Trading japonesa Sojitz expandirá importações de terras raras australianas | Empresas
A empresa japonesa Sojitz planeja expandir suas importações de terras raras australianas, adicionando o samário, essencial para ímãs permanentes, em abril. Até meados de 2027, a empresa pretende ampliar seu portfólio de elementos de terras raras médios e pesados de dois para até seis.
O Japão, que atualmente depende principalmente da China para terras raras médias e pesadas, busca reduzir essa dependência em minerais críticos para indústrias de alta tecnologia.

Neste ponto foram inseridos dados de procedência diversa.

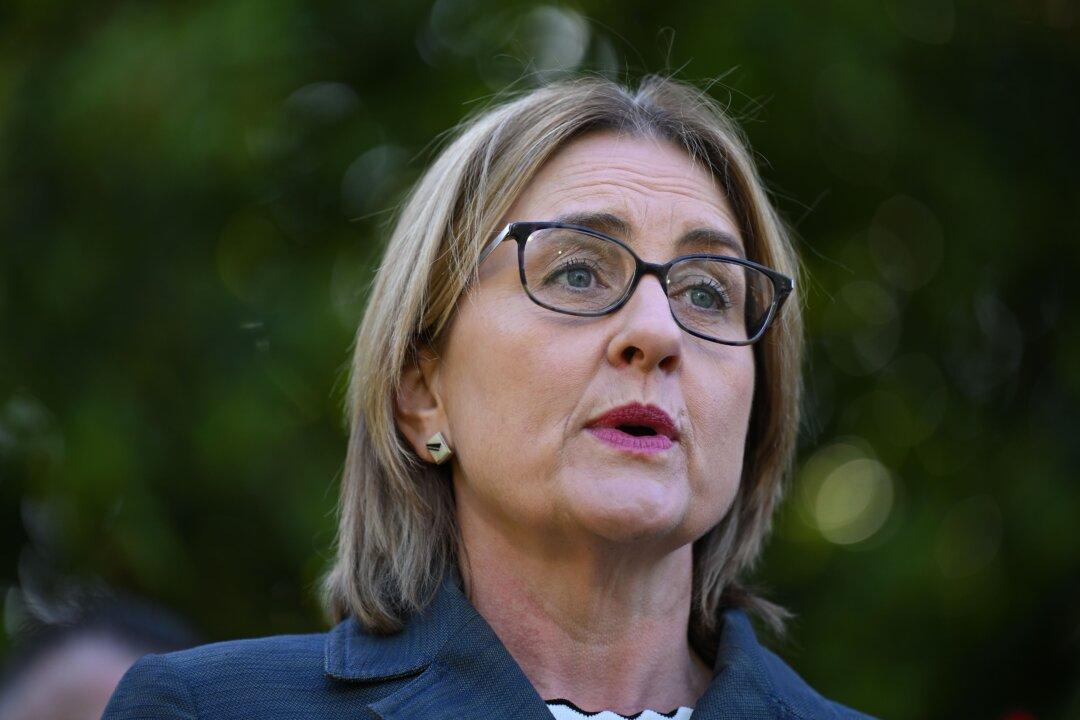 Victoria Public Sector Racks up $50.6 Billion in Deficits Over 6 Years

O samário é utilizado em ímãs permanentes de caças e reatores nucleares. A Sojitz começará as importações simultaneamente à produção comercial em uma nova unidade de separação de terras raras médias e pesadas na Malásia, construída pela Lynas Rare Earths, a maior produtora de terras raras da Austrália. A demanda anual do Japão por samário é de cerca de 80 toneladas, e a quantidade a ser importada pela Sojitz ainda não foi determinada.
Além disso, a Lynas planeja iniciar a produção de gadolínio em sua refinaria na Malásia, utilizado em diagnósticos por imagem médica e barras de controle de reatores nucleares.
A empresa também aumentará a capacidade de produção de disprósio e térbio, elementos essenciais para motores de veículos elétricos e outras aplicações de alto desempenho, que já são produzidos e enviados de outras instalações.
A Lynas pretende expandir suas operações na Malásia para aumentar a produção anual de matéria-prima para cerca de 5 mil toneladas em dois anos, por meio do aumento da capacidade de processamento e das linhas de produtos.
A Sojitz planeja adicionar mais dois ou três materiais importados até meados de 2027, incluindo potencialmente gadolínio e ítrio, frequentemente utilizados em dispositivos médicos.
Desde 2011, a Sojitz investiu na Lynas para garantir o fornecimento de diversos metais de terras raras. Em 2023, os parceiros expandiram essa parceria, incluindo disprósio e térbio. As exportações para o Japão tiveram início há quatro meses.
Enquanto os metais de terras raras leves são amplamente distribuídos globalmente, os médios e pesados são predominantemente encontrados no sul da China, que detém quase toda a oferta mundial. Com os controles de exportação da China mais rígidos, a diversificação da cadeia de suprimentos torna-se essencial.
A rentabilidade é o principal desafio na obtenção de metais de terras raras médias e pesadas fora da China, devido aos custos de produção mais elevados. A Austrália, por exemplo, possui depósitos com menor teor desses elementos em comparação com o sul da China, onde o teor pode chegar a cerca de 50%.